Die Verbraucherzentrale NRW warnt vor versteckten Gefahren beim Online-Shopping. Laut einer Umfrage des Digitalverbands Bitkom shoppen 48 Prozent der 16- bis 29-Jährigen und 36 Prozent der 30- bis 49-Jährigen über Social Media, bezogen auf alle deutschen Internetnutzer sind es 29 Prozent. "Das ist durchaus problematisch", sagt Iwona Husemann, Juristin bei der Verbraucherzentrale NRW. "Denn häufig verleiten die Designs zu unnötigen Impulskäufen, die Herkunft der Waren ist teilweise schwer nachzuvollziehen und die Apps sammeln jede Menge Daten."
Demnach sind viele Apps so gestaltet, dass Nutzer spontan Produkte kaufen sollen. Der "Kaufen"-Button wird schnell gedrückt, ohne dass klar ist, ob der beworbene Pulli oder die Sneaker wirklich nötig sind. Oft gibt es günstigere oder bessere Alternativen. Ein Vergleich mit Angeboten im Laden vor Ort kann ebenfalls helfen, die Qualität und den Preis einzuordnen.
Influencer-Werbung: Nähe zur Zielgruppe, aber oft bezahlte Inhalte
Besonders kritisch sind sogenannte "Dark Patterns". Damit sind manipulative Designs im Bestellprozess gemeint, die Druck aufbauen. Dazu gehören etwa Countdowns beim Kauf oder Hinweise, wie viele andere Personen einen Artikel angeblich gerade im Warenkorb haben. Solche Elemente sollen dazu bringen, schneller zu entscheiden – und weniger nachzudenken.
Influencer werden häufig von Herstellern bezahlt oder verdienen an eigenen Produkten. Das ist vielen Menschen bewusst. Laut der Bitkom-Umfrage finden insgesamt 21 Prozent der Befragten es sympathisch, wenn Unternehmen mit Influencer werben. In der Gruppe der 16- bis 29-Jährigen sehen 33 Prozent diese Werbeform positiv. Gleichzeitig wünschen sich knapp 43 Prozent dieser Altersgruppe offenbar eine deutlichere Kennzeichnung solcher Beiträge. 90 Prozent aller Befragten vertrauen eher klassischen Produkttests.
Die Verbraucherzentrale NRW rät dazu, beim Online-Shopping vorsichtig mit persönlichen Daten umzugehen.
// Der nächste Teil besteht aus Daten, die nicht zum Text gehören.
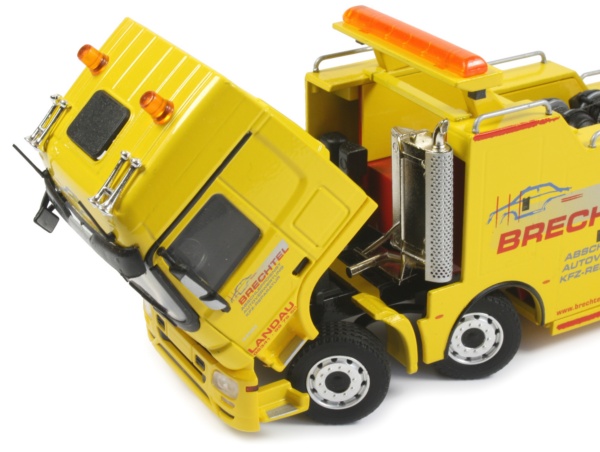 Actros MP3 with Brechtel recovery body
Käufer sollten genau prüfen, welche Informationen sie angeben und welche Zahlungsmethoden sie nutzen. Werbeansprachen nach einer Bestellung lassen sich verringern, wenn Push-Benachrichtigungen in der App oder in den Smartphone- und Browser-Einstellungen abgeschaltet werden. Auch die Abmeldung von E-Mail-Newslettern reduziert die Zahl der Werbemails.
Widerrufsrecht im Online-Handel: Fristen und Abläufe kennen
Vor allem Temu macht offen deutlich, dass das Unternehmen an personenbezogenen Daten interessiert ist und diese zu kommerziellen Zwecken nutzt. Wer die Plattform möglichst datensparsam verwenden möchte, sollte etwa das Standorttracking in den Smartphone- oder App-Einstellungen deaktivieren. Auch das Ausschalten von Tracking-Funktionen am Handy oder der Einsatz von Werbeblockern kann helfen, weniger Werbung angezeigt zu bekommen.
Passen bestellte Produkte nicht, gefallen sie nicht oder entsprechen sie nicht den Erwartungen, können Verbraucher ihr Widerrufsrecht nutzen. Ein Widerruf ist grundsätzlich formlos möglich, erklärt die Verbraucherzentrale NRW. Viele Shops stellen dafür ein Online-Formular bereit. Das Gesetz sieht für fast alle online bestellten Waren vor, dass Kunden ab dem Tag des Warenerhalts 14 Tage Zeit haben, den Kauf zu widerrufen.
Der Online-Shop muss Informationen zur Rücksendung bereitstellen und nach Eingang der Ware den Kaufbetrag zeitnah erstatten. Klappt das nicht, hilft der Musterbrief der Verbraucherzentrale NRW. Er kann ausgedruckt und ausgefüllt dem Paket beigelegt und zusätzlich per E-Mail an den Online-Shop geschickt werden.
Viele Rücksendungen bei Bestellungen
Offizielle Statistiken zur genauen Zahl der Retouren gibt es nicht, Schätzungen zufolge wird aber etwa jedes vierte Paket aus dem Internet zurückgesendet. Bei Bekleidung geht vermutlich sogar jedes zweite Paket an den Händler zurück.Für 2025 gehen Forscher von rund 550 Millionen Rücksendungen in Deutschland aus.